My sweet Lord,
It is turning to autumn, and I feel your presence again in a different way: a tender, private manner. It is quieter out there. We are back to fall schedules. The children are back in school. Our neighbors are snuggled inside their houses, no longer on the stoops of their porches or on walks. It is as if our bodies and spirits are telling us to hibernate.
We see it in the trees as they shed their summer glory for something new. These new colors with their cozy palette are also welcome. It is different but just as glorious, just as the season into which you are ushering us. It’s a quieter season, one of more inward contemplation.
I’m drinking more tea again. I relish the ritual of filling up the kettle and preparing my cup while I wait for the water to boil. I would never think of using the microwave, because it would rush the process. I don’t want to rush anything right now.
I sit with my tea, a blanket, and my Bible. The rain splatters against my window, and I pray, Where are you today? And it is as if the steam from my tea envelops me with your love, replying, Right here. I am right here.

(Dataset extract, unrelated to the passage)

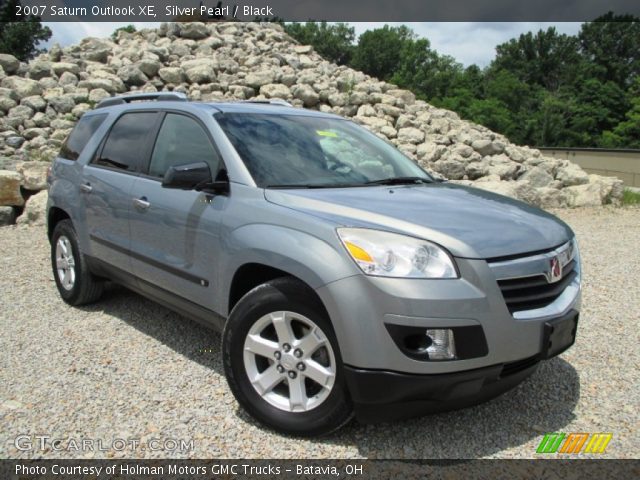 2007 Saturn Outlook XE in Silver Pearl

I’m reading the Book of Job right now. Towards the end, after Job’s friends have tried to comfort him, you show up on the scene. There is the famous line, “Where were you when I laid the foundation of the earth?” (Job 38:4) and then you reveal to Job many of the details of the world you see and have your hand on: “when the mountain goats give birth? / Do you observe the calving of the deer?” (39:1) “The ostrich’s wings flap wildly, / though its pinions lack plumage.” (39:13)

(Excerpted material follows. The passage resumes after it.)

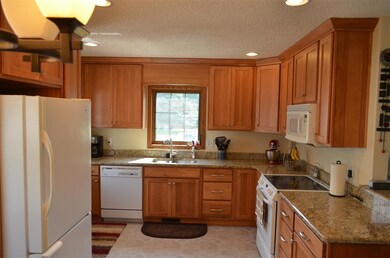 3906 Monterey Dr, Waterloo, IA 50701 - photo 4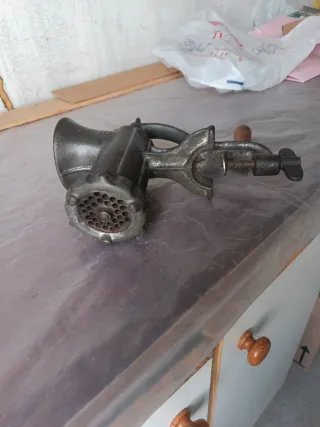 Máquina para hacer chorizos antigua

This takes my breath away. You have your hand on all these things, so, of course, you have your hand on the tender thoughts of my heart: the safety of my children, the house repairs, and my parish community.
And as Job I answer that I am small. But that you still would care for me and the details of my life leaves me in awe.
I sit in your wonder and glory, no longer thinking of my little worries. I simply sit in awe, for I know I am in the palm of your hand.